Teles - Essa pergunta nos leva repensar a própria educação presencial. Porque hoje pensamos separadamente a educação presencial e a on-line. Entretanto, cada vez mais o ensino tradicional contém elementos do on-line. Ainda que os estudantes tenham que ir à sala de aula, eles devem ter um computador e acessar a web para vários trabalhos escolares. Inclui-se aí buscas de material informativo, visitas a bibliotecas virtuais ou a sites relevantes ao trabalho que fazem, comunicação com centros de pesquisas.
Então existe a assimilação de uma pela outra: a educação presencial está cada vez mais integrando componentes da educação on-line, como o acesso a sites ou a discussão com colegas de aula via chat ou fóruns. Neste sentido, uma distinção rígida entre presencial e on-line já não é possível.
Que já fez cursos on-line, no qual modelos interativos e colaborativos são utilizados, sabe que a distinção é muito tênue. Ainda que se possa pensar que poderíamos conhecer melhor um professor ou colegas em aulas presenciais, se percebe que existe plena interação pela internet.
Ainda que muitas vezes pensemos o contrário, na verdade a presença física não determina a qualidade da aprendizagem nem a qualidade da camaradagem entre colegas. Isso ocorre bem ao nível conceitual e pragmático.

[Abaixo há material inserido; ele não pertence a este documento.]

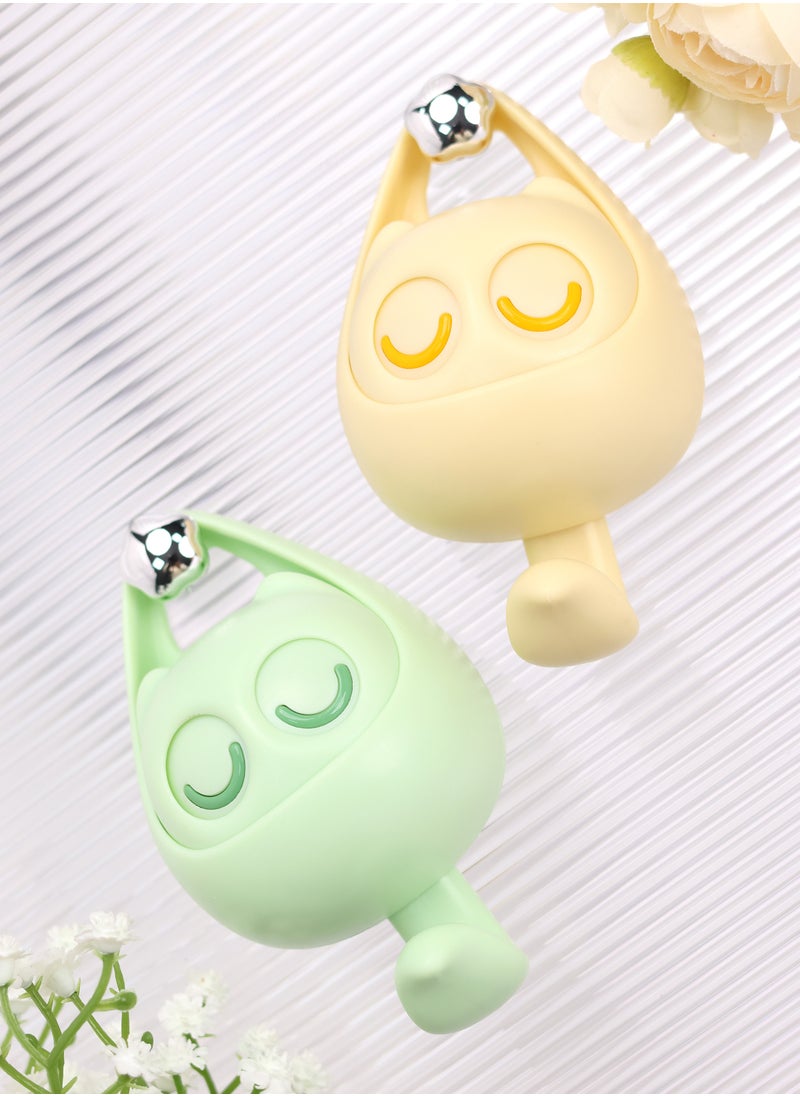 Generic - Hook like a Pet Fun cartoon creative hooks Like a pets waiting for you to go home---Little Cat Style（Two sets） - Image 1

Fonte:www1.folha.uol.com.br
Um comentário:
O Brasil tem muito o que aprender com o Canadá em termos de organização, ao menos neste aspecto. Sempre se fala na extensão territorial quando se quer culpar alguma falha administrativa, mas países como o Canadá e os EUA são tão grandes quanto e parecem dar conta. Ainda precisamos amadurecer muito no aspecto de ensino a distância, apesar de que este está ficando cada vez mais popular no Brasil, felizmente. Acredito que a popularização da Internet tem contribuído também, mas ainda falta muito a parte social da coisa. Ainda há muito preconceito com qualquer tipo de aprendizado que não seja aquele clássico, na sala de aula, em que o professor ministra, o aluno copia no caderno e dps faz tarefas de casa. O ideal é acabarmos com esta padronização o quanto antes, para termos uma maior cultura de aprendizado no dia-a-dia, e não só em ambiente escolar.